• ABOUT THIS TASK
Every line from the start of the listing below through the line that contains "Vintage LEVIS Jeans" is to be reproduced word for word.

/---

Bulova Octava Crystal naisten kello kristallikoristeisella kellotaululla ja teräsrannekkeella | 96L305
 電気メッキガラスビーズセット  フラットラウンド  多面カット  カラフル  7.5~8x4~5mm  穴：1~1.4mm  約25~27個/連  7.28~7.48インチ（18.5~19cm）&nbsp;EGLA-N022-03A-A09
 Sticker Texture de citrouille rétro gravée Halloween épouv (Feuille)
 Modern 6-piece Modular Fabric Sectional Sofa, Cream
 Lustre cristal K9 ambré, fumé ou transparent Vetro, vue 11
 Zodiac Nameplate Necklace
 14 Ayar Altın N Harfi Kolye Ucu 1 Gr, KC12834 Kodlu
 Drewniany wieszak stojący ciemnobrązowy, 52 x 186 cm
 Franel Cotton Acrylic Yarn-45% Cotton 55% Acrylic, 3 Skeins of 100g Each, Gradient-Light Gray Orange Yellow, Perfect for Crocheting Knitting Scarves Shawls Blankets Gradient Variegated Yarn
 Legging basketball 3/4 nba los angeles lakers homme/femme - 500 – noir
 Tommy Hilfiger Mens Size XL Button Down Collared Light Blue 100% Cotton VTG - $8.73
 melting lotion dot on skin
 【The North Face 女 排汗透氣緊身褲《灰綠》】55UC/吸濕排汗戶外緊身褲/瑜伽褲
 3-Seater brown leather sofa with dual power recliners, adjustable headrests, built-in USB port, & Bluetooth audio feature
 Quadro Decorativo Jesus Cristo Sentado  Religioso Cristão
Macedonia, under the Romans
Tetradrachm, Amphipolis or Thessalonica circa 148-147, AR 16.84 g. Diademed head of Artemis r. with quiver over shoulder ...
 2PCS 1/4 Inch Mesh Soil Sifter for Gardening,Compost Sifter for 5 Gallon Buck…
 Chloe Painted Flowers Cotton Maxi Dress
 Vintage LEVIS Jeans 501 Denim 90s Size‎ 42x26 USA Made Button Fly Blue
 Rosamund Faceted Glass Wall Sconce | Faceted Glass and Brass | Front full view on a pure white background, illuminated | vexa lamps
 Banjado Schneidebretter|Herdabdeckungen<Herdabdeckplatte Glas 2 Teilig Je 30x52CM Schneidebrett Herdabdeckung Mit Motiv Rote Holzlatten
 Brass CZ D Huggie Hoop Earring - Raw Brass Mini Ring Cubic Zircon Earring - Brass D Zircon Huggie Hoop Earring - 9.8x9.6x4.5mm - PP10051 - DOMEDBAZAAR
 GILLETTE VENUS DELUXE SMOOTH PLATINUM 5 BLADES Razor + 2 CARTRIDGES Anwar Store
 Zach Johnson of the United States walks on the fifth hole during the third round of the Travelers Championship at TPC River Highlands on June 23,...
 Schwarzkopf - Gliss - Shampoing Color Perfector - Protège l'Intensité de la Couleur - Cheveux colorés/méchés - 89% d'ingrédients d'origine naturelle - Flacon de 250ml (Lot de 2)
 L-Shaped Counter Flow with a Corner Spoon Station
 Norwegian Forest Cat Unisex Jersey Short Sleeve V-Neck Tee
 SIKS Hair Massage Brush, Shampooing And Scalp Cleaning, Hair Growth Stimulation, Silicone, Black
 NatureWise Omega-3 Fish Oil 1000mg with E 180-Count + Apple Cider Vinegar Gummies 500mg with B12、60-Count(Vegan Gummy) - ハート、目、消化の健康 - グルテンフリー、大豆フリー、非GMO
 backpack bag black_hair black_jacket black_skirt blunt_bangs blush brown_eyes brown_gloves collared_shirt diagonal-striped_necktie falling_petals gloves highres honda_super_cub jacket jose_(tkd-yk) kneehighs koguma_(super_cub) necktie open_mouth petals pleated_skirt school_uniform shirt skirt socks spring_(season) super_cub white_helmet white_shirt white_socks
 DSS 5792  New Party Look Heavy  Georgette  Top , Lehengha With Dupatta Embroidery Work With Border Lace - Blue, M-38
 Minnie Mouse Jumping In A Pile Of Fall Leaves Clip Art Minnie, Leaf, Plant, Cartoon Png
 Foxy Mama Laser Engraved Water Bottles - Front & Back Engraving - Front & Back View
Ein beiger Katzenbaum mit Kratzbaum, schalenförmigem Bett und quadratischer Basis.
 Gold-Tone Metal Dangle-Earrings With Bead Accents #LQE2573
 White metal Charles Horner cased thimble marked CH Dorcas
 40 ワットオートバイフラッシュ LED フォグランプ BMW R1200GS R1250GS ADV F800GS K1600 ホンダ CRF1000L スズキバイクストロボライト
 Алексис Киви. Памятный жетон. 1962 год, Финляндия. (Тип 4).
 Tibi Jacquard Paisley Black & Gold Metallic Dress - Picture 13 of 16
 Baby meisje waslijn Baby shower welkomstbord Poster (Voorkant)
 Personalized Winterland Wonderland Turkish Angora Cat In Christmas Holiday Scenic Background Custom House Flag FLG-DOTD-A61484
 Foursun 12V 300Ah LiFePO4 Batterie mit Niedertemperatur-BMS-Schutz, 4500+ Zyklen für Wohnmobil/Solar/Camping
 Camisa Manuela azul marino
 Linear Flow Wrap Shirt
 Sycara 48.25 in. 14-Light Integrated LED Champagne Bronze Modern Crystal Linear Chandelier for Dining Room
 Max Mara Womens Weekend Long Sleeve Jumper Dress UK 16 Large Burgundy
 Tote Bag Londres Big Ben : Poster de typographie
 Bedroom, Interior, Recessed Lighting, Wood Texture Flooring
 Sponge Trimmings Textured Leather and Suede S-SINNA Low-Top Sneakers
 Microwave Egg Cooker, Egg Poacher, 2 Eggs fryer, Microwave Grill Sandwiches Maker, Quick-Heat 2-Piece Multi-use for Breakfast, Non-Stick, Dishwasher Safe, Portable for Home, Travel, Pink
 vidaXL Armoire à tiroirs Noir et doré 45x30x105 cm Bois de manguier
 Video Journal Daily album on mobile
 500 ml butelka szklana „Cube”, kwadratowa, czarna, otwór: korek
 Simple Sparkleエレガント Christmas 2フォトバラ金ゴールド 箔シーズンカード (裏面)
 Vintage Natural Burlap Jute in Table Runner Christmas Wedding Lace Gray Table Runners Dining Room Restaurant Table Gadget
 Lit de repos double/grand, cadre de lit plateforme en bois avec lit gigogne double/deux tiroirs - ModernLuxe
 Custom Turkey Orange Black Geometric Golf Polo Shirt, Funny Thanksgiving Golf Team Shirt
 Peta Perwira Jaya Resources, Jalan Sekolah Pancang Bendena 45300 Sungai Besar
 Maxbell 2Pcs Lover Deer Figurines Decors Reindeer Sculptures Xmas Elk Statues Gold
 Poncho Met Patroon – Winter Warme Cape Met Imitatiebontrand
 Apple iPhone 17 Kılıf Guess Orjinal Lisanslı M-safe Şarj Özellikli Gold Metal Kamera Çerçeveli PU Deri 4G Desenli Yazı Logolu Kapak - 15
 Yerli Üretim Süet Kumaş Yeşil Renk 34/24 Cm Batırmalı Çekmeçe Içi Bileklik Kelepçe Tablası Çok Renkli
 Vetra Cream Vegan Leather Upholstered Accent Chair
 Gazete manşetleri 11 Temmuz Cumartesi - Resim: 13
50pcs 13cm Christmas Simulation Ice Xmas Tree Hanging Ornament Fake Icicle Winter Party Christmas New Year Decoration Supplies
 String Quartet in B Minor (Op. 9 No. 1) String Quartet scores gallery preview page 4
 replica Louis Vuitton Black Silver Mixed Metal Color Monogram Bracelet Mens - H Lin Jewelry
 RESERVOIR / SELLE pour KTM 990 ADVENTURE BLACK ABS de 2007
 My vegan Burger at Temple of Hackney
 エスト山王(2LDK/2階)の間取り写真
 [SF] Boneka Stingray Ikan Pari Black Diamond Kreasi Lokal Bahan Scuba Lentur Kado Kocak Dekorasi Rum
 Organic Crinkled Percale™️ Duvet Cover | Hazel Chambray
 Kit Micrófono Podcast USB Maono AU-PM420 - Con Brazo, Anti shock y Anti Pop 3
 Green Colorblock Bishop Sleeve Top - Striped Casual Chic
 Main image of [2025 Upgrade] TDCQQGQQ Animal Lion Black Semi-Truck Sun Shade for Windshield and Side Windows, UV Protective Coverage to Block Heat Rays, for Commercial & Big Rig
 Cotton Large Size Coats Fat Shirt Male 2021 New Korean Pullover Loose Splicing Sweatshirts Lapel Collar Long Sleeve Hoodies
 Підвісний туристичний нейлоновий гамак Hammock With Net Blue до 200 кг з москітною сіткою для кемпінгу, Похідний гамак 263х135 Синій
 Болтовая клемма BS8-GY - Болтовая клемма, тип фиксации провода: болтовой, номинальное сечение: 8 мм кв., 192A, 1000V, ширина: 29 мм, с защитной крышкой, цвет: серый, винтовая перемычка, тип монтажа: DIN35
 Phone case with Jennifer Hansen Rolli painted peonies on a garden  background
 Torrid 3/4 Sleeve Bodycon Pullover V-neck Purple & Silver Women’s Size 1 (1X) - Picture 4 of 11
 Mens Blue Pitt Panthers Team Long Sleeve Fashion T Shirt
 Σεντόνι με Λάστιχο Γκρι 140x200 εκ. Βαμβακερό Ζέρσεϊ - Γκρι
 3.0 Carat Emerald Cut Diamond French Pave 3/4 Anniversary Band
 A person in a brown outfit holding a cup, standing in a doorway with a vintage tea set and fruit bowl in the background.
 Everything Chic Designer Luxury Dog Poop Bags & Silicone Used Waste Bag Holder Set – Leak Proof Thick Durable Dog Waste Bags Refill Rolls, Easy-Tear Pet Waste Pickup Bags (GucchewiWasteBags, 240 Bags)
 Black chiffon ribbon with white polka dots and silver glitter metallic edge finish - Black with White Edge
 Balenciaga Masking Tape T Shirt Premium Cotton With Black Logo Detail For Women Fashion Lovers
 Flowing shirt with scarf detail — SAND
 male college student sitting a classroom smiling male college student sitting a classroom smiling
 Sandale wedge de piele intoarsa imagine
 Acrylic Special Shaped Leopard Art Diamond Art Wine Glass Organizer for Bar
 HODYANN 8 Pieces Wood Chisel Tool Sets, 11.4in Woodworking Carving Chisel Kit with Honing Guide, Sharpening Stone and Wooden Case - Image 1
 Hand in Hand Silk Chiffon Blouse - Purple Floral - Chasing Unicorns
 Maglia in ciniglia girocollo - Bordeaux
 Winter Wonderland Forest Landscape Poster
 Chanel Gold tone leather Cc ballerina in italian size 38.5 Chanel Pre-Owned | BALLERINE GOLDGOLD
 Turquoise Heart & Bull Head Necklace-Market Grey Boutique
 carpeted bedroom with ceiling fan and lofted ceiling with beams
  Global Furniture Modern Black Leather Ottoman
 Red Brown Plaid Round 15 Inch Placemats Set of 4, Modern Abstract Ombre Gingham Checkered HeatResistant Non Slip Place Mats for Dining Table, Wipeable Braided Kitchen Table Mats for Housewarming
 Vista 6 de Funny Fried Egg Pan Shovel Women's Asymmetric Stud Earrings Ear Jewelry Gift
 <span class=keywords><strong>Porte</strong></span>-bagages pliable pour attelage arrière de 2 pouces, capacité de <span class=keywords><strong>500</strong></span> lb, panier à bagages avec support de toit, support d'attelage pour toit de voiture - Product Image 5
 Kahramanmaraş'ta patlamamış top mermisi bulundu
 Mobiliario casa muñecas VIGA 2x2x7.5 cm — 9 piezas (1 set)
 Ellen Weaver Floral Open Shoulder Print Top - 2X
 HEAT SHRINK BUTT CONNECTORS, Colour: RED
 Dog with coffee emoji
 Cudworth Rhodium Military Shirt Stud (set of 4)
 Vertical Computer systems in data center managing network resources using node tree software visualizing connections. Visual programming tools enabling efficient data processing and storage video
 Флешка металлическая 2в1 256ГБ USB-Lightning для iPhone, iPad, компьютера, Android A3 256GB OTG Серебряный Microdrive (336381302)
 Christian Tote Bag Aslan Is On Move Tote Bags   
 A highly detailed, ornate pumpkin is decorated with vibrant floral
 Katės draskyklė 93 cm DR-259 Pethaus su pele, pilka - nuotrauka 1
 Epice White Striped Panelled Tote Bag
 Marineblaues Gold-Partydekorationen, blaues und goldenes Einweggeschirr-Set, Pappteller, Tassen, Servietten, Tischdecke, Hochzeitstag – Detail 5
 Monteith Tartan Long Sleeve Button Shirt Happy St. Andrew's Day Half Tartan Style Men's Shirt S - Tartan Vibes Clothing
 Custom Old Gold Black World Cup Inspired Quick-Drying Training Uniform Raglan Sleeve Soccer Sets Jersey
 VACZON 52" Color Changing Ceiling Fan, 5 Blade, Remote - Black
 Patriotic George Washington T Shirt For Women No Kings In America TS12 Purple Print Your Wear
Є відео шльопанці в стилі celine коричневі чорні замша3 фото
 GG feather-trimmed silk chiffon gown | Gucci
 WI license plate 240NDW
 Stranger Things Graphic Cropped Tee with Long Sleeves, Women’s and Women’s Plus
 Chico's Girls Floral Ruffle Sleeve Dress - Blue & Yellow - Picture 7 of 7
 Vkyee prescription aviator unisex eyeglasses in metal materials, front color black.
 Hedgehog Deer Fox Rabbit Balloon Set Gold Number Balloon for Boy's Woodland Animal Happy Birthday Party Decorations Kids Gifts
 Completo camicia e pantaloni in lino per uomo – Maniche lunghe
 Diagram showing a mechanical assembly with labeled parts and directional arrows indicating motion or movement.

\---

• TASK ANSWER
Bulova Octava Crystal naisten kello kristallikoristeisella kellotaululla ja teräsrannekkeella | 96L305
 電気メッキガラスビーズセット  フラットラウンド  多面カット  カラフル  7.5~8x4~5mm  穴：1~1.4mm  約25~27個/連  7.28~7.48インチ（18.5~19cm）&nbsp;EGLA-N022-03A-A09
 Sticker Texture de citrouille rétro gravée Halloween épouv (Feuille)
 Modern 6-piece Modular Fabric Sectional Sofa, Cream
 Lustre cristal K9 ambré, fumé ou transparent Vetro, vue 11
 Zodiac Nameplate Necklace
 14 Ayar Altın N Harfi Kolye Ucu 1 Gr, KC12834 Kodlu
 Drewniany wieszak stojący ciemnobrązowy, 52 x 186 cm
 Franel Cotton Acrylic Yarn-45% Cotton 55% Acrylic, 3 Skeins of 100g Each, Gradient-Light Gray Orange Yellow, Perfect for Crocheting Knitting Scarves Shawls Blankets Gradient Variegated Yarn
 Legging basketball 3/4 nba los angeles lakers homme/femme - 500 – noir
 Tommy Hilfiger Mens Size XL Button Down Collared Light Blue 100% Cotton VTG - $8.73
 melting lotion dot on skin
 【The North Face 女 排汗透氣緊身褲《灰綠》】55UC/吸濕排汗戶外緊身褲/瑜伽褲
 3-Seater brown leather sofa with dual power recliners, adjustable headrests, built-in USB port, & Bluetooth audio feature
 Quadro Decorativo Jesus Cristo Sentado  Religioso Cristão
Macedonia, under the Romans
Tetradrachm, Amphipolis or Thessalonica circa 148-147, AR 16.84 g. Diademed head of Artemis r. with quiver over shoulder ...
 2PCS 1/4 Inch Mesh Soil Sifter for Gardening,Compost Sifter for 5 Gallon Buck…
 Chloe Painted Flowers Cotton Maxi Dress
 Vintage LEVIS Jeans 501 Denim 90s Size‎ 42x26 USA Made Button Fly Blue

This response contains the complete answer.